Exercise data:

.....

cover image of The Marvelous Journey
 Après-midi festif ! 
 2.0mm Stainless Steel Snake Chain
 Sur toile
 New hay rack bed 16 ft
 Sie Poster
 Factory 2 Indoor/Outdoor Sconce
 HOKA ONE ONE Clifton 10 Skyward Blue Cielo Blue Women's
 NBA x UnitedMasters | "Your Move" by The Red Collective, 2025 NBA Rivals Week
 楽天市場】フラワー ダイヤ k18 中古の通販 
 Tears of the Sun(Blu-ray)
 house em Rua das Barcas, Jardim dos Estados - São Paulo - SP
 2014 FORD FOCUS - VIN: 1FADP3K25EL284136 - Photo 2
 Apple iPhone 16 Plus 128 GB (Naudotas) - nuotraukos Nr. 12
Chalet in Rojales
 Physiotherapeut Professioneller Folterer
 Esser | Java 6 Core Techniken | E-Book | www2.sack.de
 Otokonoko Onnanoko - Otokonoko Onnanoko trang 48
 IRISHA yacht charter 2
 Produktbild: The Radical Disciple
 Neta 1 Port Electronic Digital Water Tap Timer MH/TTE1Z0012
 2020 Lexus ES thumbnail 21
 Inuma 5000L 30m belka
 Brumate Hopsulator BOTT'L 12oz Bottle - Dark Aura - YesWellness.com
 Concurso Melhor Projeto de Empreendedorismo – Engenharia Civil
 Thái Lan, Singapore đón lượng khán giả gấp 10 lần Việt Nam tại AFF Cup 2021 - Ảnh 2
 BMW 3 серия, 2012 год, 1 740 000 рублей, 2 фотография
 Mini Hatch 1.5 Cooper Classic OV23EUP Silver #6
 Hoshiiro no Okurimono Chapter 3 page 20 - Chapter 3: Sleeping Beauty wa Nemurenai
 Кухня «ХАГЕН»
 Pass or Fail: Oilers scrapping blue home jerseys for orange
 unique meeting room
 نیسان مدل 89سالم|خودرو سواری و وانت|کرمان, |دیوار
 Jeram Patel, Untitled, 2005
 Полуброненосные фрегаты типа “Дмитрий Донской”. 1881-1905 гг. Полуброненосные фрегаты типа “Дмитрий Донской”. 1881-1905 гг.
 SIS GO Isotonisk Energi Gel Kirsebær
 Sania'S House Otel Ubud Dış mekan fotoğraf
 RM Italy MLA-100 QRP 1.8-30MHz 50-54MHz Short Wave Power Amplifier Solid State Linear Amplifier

.....

Task details: Repeat the material in full. Nothing may differ.

Response to this task:
cover image of The Marvelous Journey
 Après-midi festif ! 
 2.0mm Stainless Steel Snake Chain
 Sur toile
 New hay rack bed 16 ft
 Sie Poster
 Factory 2 Indoor/Outdoor Sconce
 HOKA ONE ONE Clifton 10 Skyward Blue Cielo Blue Women's
 NBA x UnitedMasters | "Your Move" by The Red Collective, 2025 NBA Rivals Week
 楽天市場】フラワー ダイヤ k18 中古の通販 
 Tears of the Sun(Blu-ray)
 house em Rua das Barcas, Jardim dos Estados - São Paulo - SP
 2014 FORD FOCUS - VIN: 1FADP3K25EL284136 - Photo 2
 Apple iPhone 16 Plus 128 GB (Naudotas) - nuotraukos Nr. 12
Chalet in Rojales
 Physiotherapeut Professioneller Folterer
 Esser | Java 6 Core Techniken | E-Book | www2.sack.de
 Otokonoko Onnanoko - Otokonoko Onnanoko trang 48
 IRISHA yacht charter 2
 Produktbild: The Radical Disciple
 Neta 1 Port Electronic Digital Water Tap Timer MH/TTE1Z0012
 2020 Lexus ES thumbnail 21
 Inuma 5000L 30m belka
 Brumate Hopsulator BOTT'L 12oz Bottle - Dark Aura - YesWellness.com
 Concurso Melhor Projeto de Empreendedorismo – Engenharia Civil
 Thái Lan, Singapore đón lượng khán giả gấp 10 lần Việt Nam tại AFF Cup 2021 - Ảnh 2
 BMW 3 серия, 2012 год, 1 740 000 рублей, 2 фотография
 Mini Hatch 1.5 Cooper Classic OV23EUP Silver #6
 Hoshiiro no Okurimono Chapter 3 page 20 - Chapter 3: Sleeping Beauty wa Nemurenai
 Кухня «ХАГЕН»
 Pass or Fail: Oilers scrapping blue home jerseys for orange
 unique meeting room
 نیسان مدل 89سالم|خودرو سواری و وانت|کرمان, |دیوار
 Jeram Patel, Untitled, 2005
 Полуброненосные фрегаты типа “Дмитрий Донской”. 1881-1905 гг. Полуброненосные фрегаты типа “Дмитрий Донской”. 1881-1905 гг.
 SIS GO Isotonisk Energi Gel Kirsebær
 Sania'S House Otel Ubud Dış mekan fotoğraf
 RM Italy MLA-100 QRP 1.8-30MHz 50-54MHz Short Wave Power Amplifier Solid State Linear Amplifier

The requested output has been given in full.